#### Aim of the task:
Return every line from the records below in which the word "show" is found.

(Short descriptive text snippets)
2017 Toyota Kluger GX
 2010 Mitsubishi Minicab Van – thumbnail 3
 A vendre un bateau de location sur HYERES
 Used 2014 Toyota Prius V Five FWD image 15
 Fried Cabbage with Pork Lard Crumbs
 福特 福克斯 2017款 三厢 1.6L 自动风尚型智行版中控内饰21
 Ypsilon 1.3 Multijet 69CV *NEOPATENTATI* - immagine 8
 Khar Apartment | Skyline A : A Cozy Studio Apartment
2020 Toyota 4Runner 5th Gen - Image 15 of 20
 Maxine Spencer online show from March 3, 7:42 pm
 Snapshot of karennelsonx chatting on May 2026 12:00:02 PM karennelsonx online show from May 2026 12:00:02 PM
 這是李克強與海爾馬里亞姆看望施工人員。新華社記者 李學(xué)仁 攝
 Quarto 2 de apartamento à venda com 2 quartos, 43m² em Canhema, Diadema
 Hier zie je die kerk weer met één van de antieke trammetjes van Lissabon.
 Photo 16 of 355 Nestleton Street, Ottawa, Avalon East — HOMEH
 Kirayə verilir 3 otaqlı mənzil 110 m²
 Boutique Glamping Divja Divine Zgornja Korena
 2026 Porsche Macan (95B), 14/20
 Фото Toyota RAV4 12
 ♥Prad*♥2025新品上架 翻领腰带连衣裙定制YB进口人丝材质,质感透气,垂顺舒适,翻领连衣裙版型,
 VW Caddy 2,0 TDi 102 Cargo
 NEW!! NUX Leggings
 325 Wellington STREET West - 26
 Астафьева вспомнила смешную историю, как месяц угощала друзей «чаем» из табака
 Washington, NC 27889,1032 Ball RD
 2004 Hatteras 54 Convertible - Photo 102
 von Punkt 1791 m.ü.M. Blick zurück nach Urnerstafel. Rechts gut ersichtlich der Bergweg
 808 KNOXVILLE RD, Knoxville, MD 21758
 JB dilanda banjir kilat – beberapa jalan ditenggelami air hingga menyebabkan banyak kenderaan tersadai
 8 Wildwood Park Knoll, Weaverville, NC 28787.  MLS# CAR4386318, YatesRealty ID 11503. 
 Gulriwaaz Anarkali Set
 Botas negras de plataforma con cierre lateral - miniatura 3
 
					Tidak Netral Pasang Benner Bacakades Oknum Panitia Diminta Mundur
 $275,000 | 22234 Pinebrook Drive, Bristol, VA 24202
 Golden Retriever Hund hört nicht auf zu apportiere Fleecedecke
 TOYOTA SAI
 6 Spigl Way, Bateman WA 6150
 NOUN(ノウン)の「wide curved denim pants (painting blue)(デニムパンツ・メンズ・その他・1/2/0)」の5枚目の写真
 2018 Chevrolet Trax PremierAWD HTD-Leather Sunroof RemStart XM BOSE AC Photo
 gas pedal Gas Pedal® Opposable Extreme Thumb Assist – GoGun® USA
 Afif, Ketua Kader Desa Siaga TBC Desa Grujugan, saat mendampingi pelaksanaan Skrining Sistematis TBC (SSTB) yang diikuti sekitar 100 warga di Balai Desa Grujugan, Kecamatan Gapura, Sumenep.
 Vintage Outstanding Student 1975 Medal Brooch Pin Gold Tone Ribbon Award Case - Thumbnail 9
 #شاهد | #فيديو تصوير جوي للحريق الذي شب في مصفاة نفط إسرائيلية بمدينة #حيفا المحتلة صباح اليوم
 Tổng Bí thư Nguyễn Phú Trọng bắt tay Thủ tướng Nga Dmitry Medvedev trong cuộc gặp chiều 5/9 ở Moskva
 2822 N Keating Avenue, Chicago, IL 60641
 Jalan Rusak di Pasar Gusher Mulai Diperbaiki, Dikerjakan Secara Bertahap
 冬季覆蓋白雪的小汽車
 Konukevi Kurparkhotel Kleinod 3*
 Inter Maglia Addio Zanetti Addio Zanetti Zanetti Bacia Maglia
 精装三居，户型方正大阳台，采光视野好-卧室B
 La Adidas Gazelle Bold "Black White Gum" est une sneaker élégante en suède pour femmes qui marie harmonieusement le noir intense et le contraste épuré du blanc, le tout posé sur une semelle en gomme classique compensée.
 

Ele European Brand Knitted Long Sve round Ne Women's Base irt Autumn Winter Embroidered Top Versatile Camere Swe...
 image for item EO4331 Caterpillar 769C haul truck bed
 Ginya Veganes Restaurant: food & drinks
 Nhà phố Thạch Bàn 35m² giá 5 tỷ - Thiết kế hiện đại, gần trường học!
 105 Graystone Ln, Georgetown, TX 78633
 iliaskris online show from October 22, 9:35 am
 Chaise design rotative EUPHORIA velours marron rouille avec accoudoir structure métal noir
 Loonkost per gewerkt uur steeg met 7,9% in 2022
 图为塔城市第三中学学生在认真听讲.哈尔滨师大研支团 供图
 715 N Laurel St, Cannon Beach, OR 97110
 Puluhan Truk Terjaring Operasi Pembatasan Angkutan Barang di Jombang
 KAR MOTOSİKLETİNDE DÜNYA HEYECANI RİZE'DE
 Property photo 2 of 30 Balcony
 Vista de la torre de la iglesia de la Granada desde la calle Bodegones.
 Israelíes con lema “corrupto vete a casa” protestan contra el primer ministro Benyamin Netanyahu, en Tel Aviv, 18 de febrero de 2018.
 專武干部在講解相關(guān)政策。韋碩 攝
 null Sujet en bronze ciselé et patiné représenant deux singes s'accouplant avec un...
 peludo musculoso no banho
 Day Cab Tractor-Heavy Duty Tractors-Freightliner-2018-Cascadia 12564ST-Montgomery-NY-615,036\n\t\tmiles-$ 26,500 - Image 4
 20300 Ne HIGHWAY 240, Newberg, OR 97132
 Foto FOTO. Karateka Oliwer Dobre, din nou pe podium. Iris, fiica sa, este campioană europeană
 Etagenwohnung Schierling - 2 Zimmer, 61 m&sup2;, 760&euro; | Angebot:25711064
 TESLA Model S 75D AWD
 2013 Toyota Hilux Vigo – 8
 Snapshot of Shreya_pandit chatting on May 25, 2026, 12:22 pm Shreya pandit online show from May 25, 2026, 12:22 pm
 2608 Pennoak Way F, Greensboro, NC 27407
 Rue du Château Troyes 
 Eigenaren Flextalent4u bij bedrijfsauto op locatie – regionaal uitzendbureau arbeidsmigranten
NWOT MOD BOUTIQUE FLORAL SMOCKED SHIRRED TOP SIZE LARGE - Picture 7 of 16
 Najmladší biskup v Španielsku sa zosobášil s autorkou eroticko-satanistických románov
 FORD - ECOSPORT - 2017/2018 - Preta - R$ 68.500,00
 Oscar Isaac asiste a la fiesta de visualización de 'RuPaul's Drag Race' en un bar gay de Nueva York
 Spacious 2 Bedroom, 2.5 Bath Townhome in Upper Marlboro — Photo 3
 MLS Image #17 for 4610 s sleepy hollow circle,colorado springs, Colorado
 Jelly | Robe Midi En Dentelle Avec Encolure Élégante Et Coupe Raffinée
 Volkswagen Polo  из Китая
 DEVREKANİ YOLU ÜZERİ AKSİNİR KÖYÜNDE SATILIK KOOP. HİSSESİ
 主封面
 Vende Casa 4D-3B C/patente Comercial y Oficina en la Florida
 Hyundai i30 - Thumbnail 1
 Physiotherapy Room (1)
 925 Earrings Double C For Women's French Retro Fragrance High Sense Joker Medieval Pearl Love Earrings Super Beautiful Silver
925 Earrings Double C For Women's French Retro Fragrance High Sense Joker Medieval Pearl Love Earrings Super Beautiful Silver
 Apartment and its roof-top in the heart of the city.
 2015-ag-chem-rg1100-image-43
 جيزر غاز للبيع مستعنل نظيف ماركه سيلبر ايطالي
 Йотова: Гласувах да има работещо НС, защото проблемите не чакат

#### Answer area:
 Maxine Spencer online show from March 3, 7:42 pm
 Snapshot of karennelsonx chatting on May 2026 12:00:02 PM karennelsonx online show from May 2026 12:00:02 PM
 iliaskris online show from October 22, 9:35 am
 Snapshot of Shreya_pandit chatting on May 25, 2026, 12:22 pm Shreya pandit online show from May 25, 2026, 12:22 pm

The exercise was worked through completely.